Depends on how many users are how confused. If we're confusing just two people, I think that's really good.

We have changed stuff based on user feedback before, we're certainly listening to the users. You and Dene are just not "the users", sorry. You're two out of many thousands. And if we change it to something that works for you two (assuming you two can agree on something), that might cause confusion for others. You need to convince us that it's better overall, not just better for yourself.



qqwref said:


> Result in the sense of, you know, "a final score, mark, or placing in a sporting event or examination."



The result of a solve or an average definitely fits that definition. Yes, you can call someone's record a result as well, but I think it's more appropriately called a record, and less confusing than reusing "result" like that. Also, by calling *more* things "result", you're not getting *down* to singular. Unless you're *not* calling single solve results or average results "results", in which case it's *you* who's not using the word as it is commonly used.



qqwref said:


> the menus are the same but that word has been changed



Didn't know that. Agree, that should be fixed.



qqwref said:


> - Top-level menus: Information, Competitions, Results, Regulations, Forum (or change the order, I don't care)
> - Competitions top-level menu contains subitems: Competitions, Multimedia
> - Results top-level menu contains subitems: Rankings, Records, Persons, Statistics, Miscellaneous (Database Export is in Miscellaneous; that should be enough as normal users do not need or want to download the database)



That's what I thought you meant (except for the export). I still don't like that a competition page, which mainly shows results, wouldn't be under Results, but I'll ask Lucas what he thinks (he's into it and the authority at the moment, I'm not, but I'm more likely to have seen this).
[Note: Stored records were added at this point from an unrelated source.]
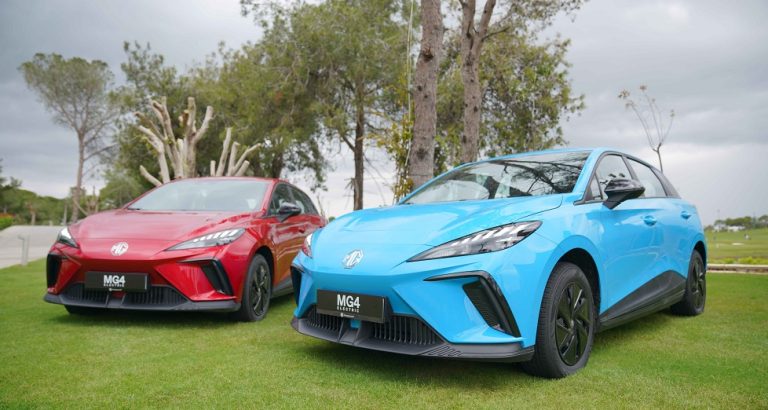 İngiliz efsanesi MG4 Türkiye’ye sürpriz fiyatla geldi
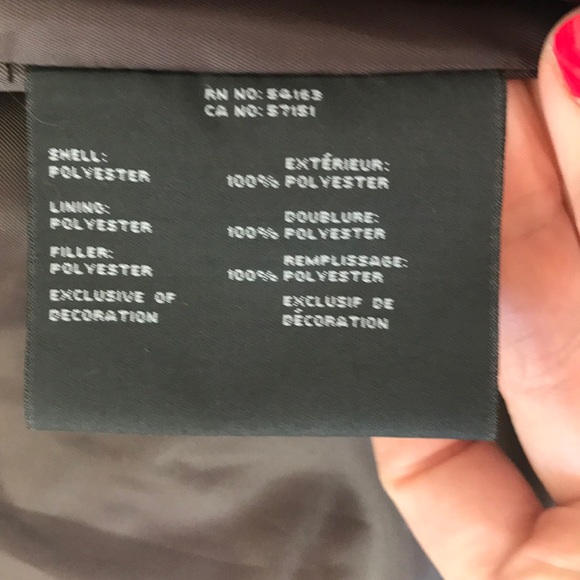 NWT Marc New York- color Gun Metal -Puffer Jacket - Picture 8 of 8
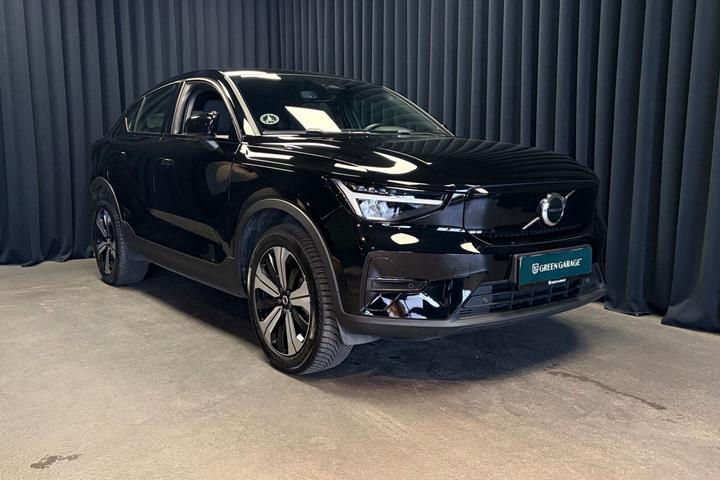 Sort Volvo C40 fra 2023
What would be better than Persons? People? I don't like Competitors, because it looks confusingly similar to Competitions and because I eventually want to support non-competitor people.



qqwref said:


> The problematic use case is where I am wondering something about the database, like "what other USA cubers are ahead of me in 5x5x5" or "who had the Megaminx WR before Yu Da-Hyun" and it is not immediately obvious which to click to get the page I'm thinking of, and indeed sometimes I click the wrong one first.



Sorry, but I find those straight-forward. For the first one you want to know your rank, so you obviously go to rankings. And something like "fourteenth place" is simply not a record, so you obviously don't go to records. For the second one you want to know who had the record (it's even a(n abbreviated) word in your question!), so obviously you go to records. I think the system is not the problem here.

Dene, would you be confused in these two cases as well? Or do you have different use cases that confuse you? Anybody else?


----------



## Stefan (Nov 16, 2014)

I just googled athletics records and rankings and checked out the first six sites. I didn't check anything else, so I'm not cherry-picking (unless you call my search expression cherry-picking, but I think it's quite straight-forward and appropriate). They all show "Records"/"Rankings" pretty much like WCA does (although it's more like the other way around, i.e., the WCA being modeled after such sites).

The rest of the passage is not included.